Captioned web image data:

• • • • •

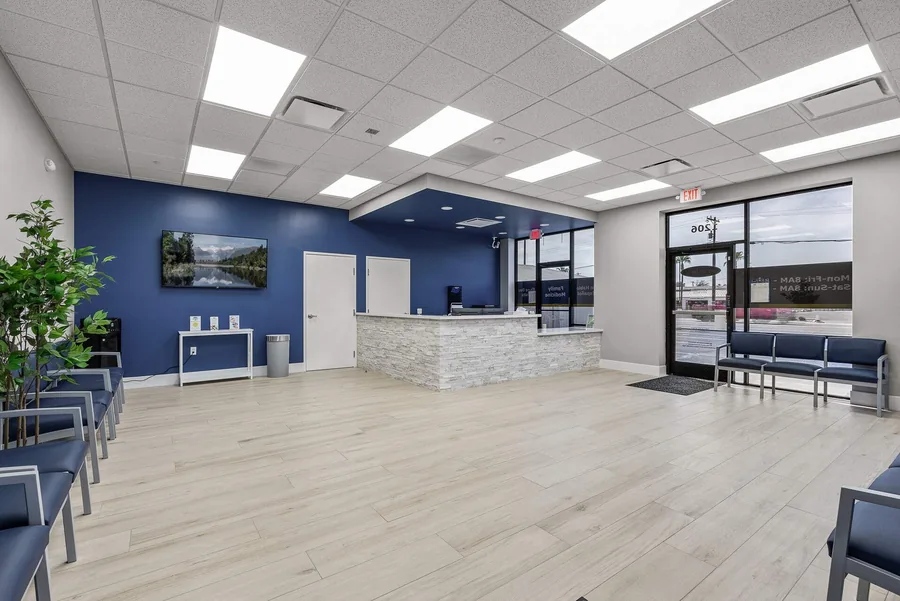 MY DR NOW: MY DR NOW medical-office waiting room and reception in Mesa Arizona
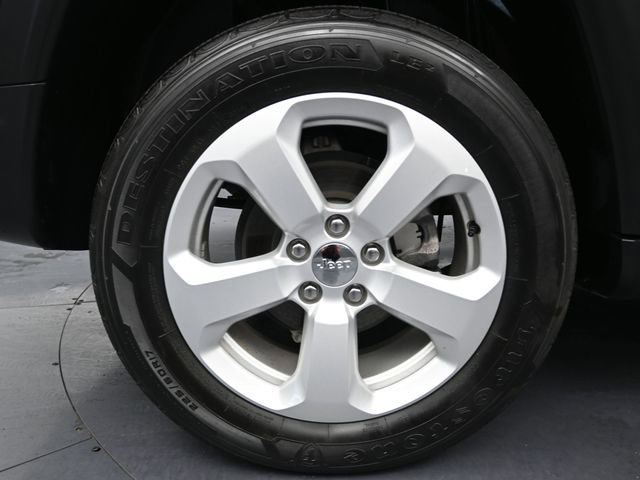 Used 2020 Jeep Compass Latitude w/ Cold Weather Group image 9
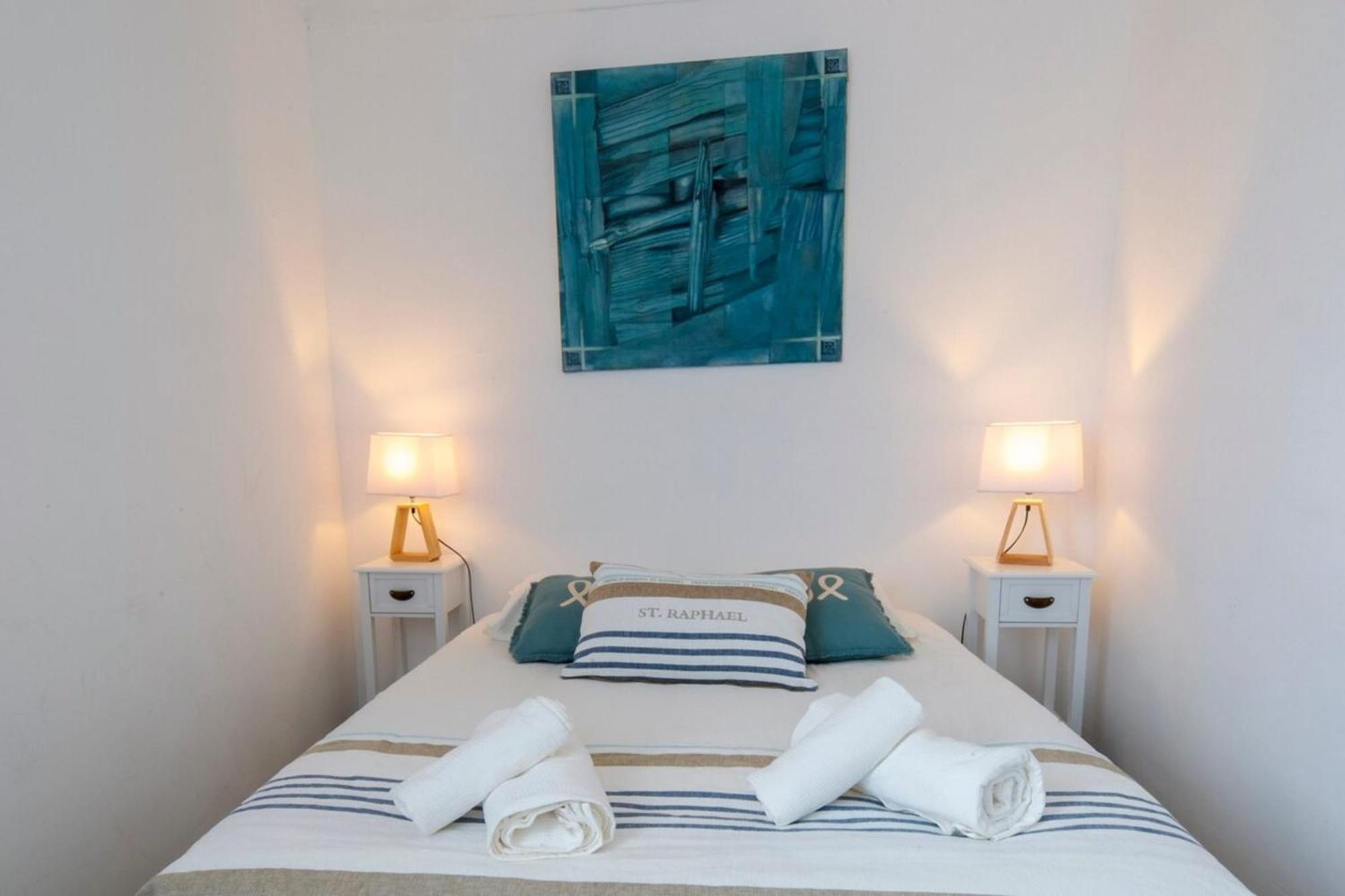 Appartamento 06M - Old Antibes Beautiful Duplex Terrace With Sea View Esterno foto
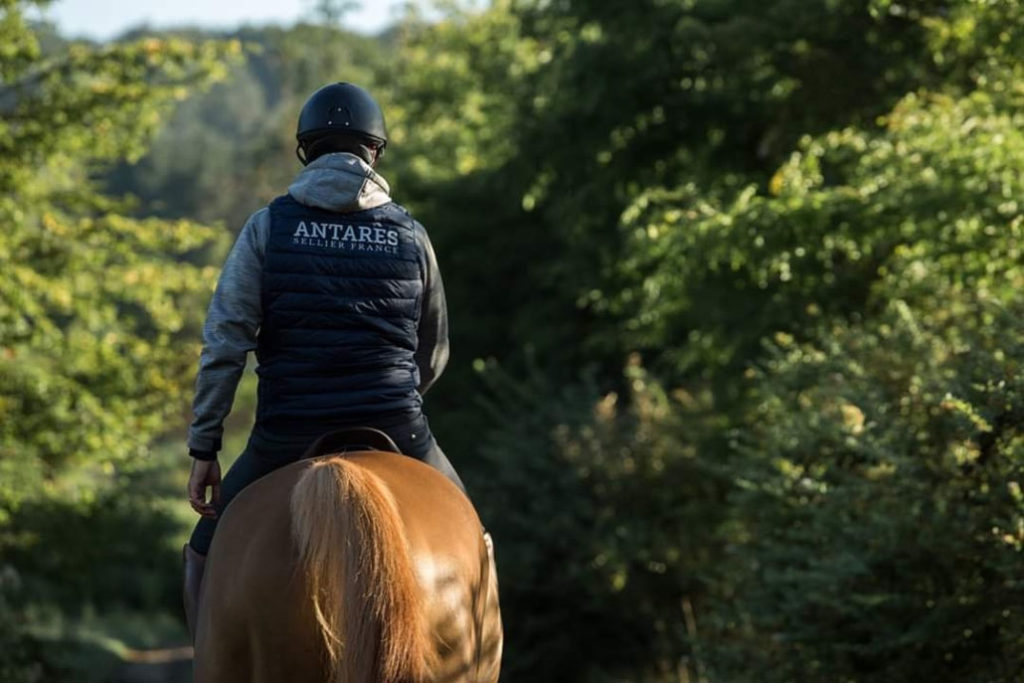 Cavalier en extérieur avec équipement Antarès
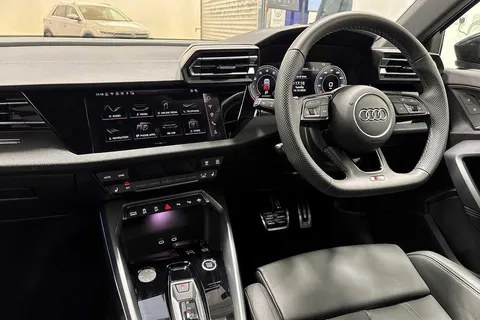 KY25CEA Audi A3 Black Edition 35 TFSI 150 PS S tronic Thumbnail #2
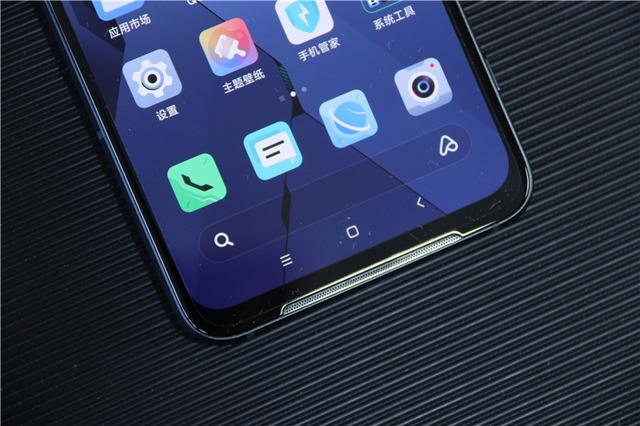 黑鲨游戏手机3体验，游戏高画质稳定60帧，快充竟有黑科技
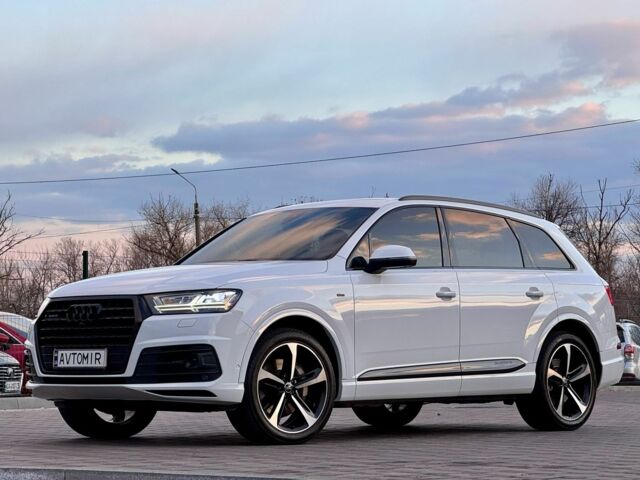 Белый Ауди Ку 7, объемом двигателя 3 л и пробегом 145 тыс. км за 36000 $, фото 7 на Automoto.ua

• • • • •

» **Problem requirements**:
The range runs from the line containing "黑鲨游戏手机3体验，游戏高画质稳定60帧，快充竟有黑科技" through the end of the entries; print those lines exactly and leave the pictures out.

» **Expected answer**:
 黑鲨游戏手机3体验，游戏高画质稳定60帧，快充竟有黑科技
 Белый Ауди Ку 7, объемом двигателя 3 л и пробегом 145 тыс. км за 36000 $, фото 7 на Automoto.ua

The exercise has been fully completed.